In essence, we have a prayer in the queen’s inauguration which refers to the queen’s womb and breasts, and then to her semen. The womb and breast part was borrowed from the king’s ceremony, but the part about semen was written for the queen. What is happening?

Well, Judith was a Carolingian. The references to semen and Abraham link Judith with common Carolingian dynastic rhetoric. The Latin ‘semen’ can be translated to ‘seed’, though the connotations are certainly of a male form of fertility. They bring Judith into the context of both ancestry and progeny — the seed she carries and will hopefully pass on is that of her ancestors, her father Charles the Bald, and her illustrious great grandfather Charlemagne.

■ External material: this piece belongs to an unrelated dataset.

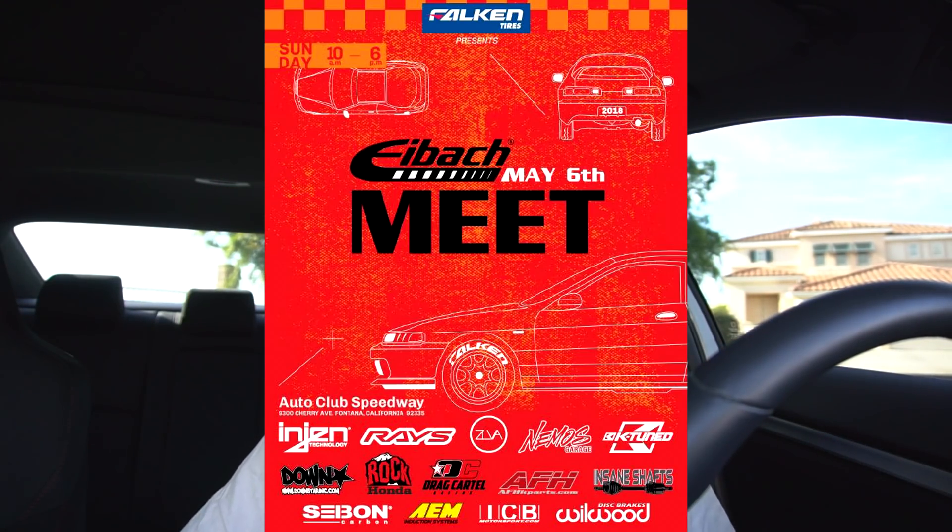Real quick — it is official now. I bought tickets for May 6th. I'm going to be at Auto Speedway Fontana. If you guys want to go ahead and check out my SI build in person, I will be there. Or if you just want to hang out with me too, I'll be there. I know the whole build isn't fully complete, but at least where it stands now, if you guys want to check it out, come meet me there.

My conclusion here is that Judith’s inauguration ceremony cannot be read as being about female fertility if it is looked at thoroughly, with its relationship to the king’s text being taken into account. Far from revealing a contrast between female fertility and male valour, what we see are distinctions of both sex and gender being deliberately blurred. Male models of fertility are applied to a queen while sex characteristics that we might expect to be categorised as female, a womb and breasts, are part of male biblical model applied to a king.

While some assume sources in the past uphold rigid essentialist ideas, I think Judith’s Ordo reflects the danger of making assumptions about the past based on what are actually our modern ideas of sex and gender as binary and essential. The liturgy for Judith’s inauguration, and the king’s ceremony on which it is based, are examples of sources where elite figure in society are upheld as models of Christian rulership, and where these elite rulers are given figurative models of this rulership that blur expectations of both gender and sex. The king’s body, a man’s body, is given a ‘womb and breasts’ in a positive comparison to Jacob’s sons. The queen is given ‘semen’ to exalt her and her dynasty. Fertility (and thus dynastic success) is an essential element of both kingship and queenship — it not gendered feminine.

Enright assumed that relatively modern understandings of men and women as biologically distinct and binary categories would be reflected in the past; a close analysis of the source material has demonstrated that this was not the case. It is imperative that we reveal ideas in the past that celebrate bodies, even figurative ones, that are not by modern standards normative. By viewing historical sources through a queer lens we can uncover ideal gendered models that are not essentialist, which may have been obscured by normative scholarship. It is imperative that queer, trans, non-binary and intersex people are able to see themselves reflected in history.